In May 2003, Nelson Mandela—former South African president, winner of the Nobel Peace Prize, and hero to millions—sat down at the dinner table of his house in Johannesburg and laid his right hand, palm side down, into a lump of cold dental putty. A team of technicians from the precision-casting division of Harmony Gold Mining Co. was present to supervise, and Mandela chatted amiably with them as they worked, pausing to sip coffee with his free hand.
The silicon-based putty had been chilled to make it harden more slowly, but the men had only six minutes of malleability to work with—time they used to get the material into every wrinkle and crease, almost perfectly capturing Mandela’s fingerprints as well as the scars from his hard labor on Robben Island. Then they poured more on top to encase his knuckles and fingernails.

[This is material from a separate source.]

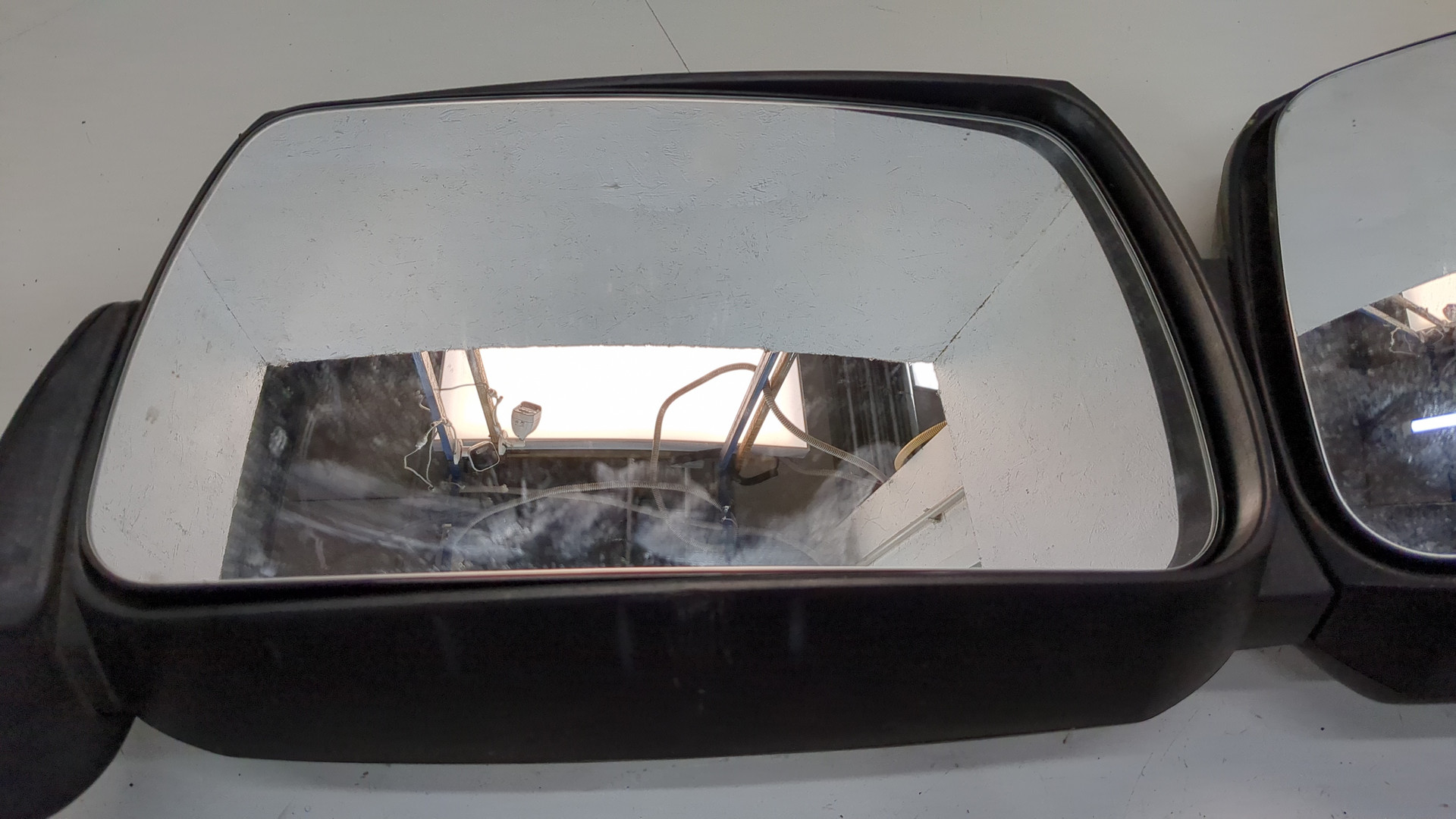 Зеркало левое электрическое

Harmony would use the molds from that day to create resin replicas, then casting of Mandela’s hand in 99.999% pure gold. This prototype was to be the first in a series: at least 27 gold hands, weighing 5.7 pounds to 8.8 pounds each, to mark the years of his imprisonment, followed by silver versions for each month, and finally thousands of bronze copies to mark each day.
They would be sold to raise money for the Nelson Mandela Children’s Fund, the charity to which he devoted much of his time in retirement—and serve as advertisements for Harmony’s casting expertise in the process. Throughout the making of the moldings, Mandela was “amazingly helpful, patient, and funny, and he kept everyone entertained with stories,” according to an account in the company newspaper, Harmonise.

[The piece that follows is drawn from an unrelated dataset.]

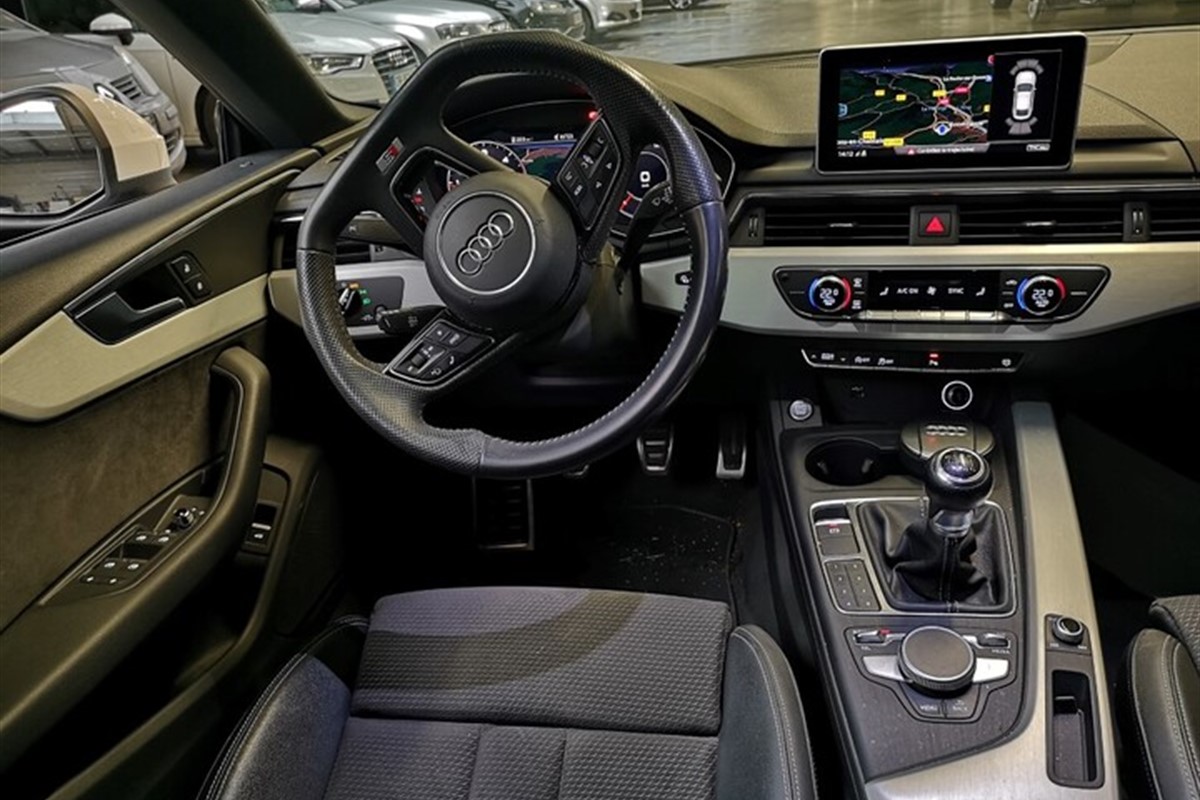 Audi A5
 2.0 TDi Sportback S line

Mandela sitting for the casting
That may well have been the happiest that Mandela ever felt about the project. Not long after the castings were made, he became concerned that too many people were profiting from “Mandela art,” a cottage industry that included selling sketches he’d purportedly drawn and putting his face on dishes, teapots, and commemorative tchotchkes.
After Mandela dispatched a team of lawyers to shut down the trade, Harmony stopped producing hands, leaving only a tiny initial batch. The project was largely forgotten.
Except, that is, by Malcolm Duncan. Then a 47-year-old auto parts entrepreneur, Duncan had met Mandela a few years before, during an event at a cancer clinic in the township of Soweto. Like many who came face to face with the legend, Duncan was overcome.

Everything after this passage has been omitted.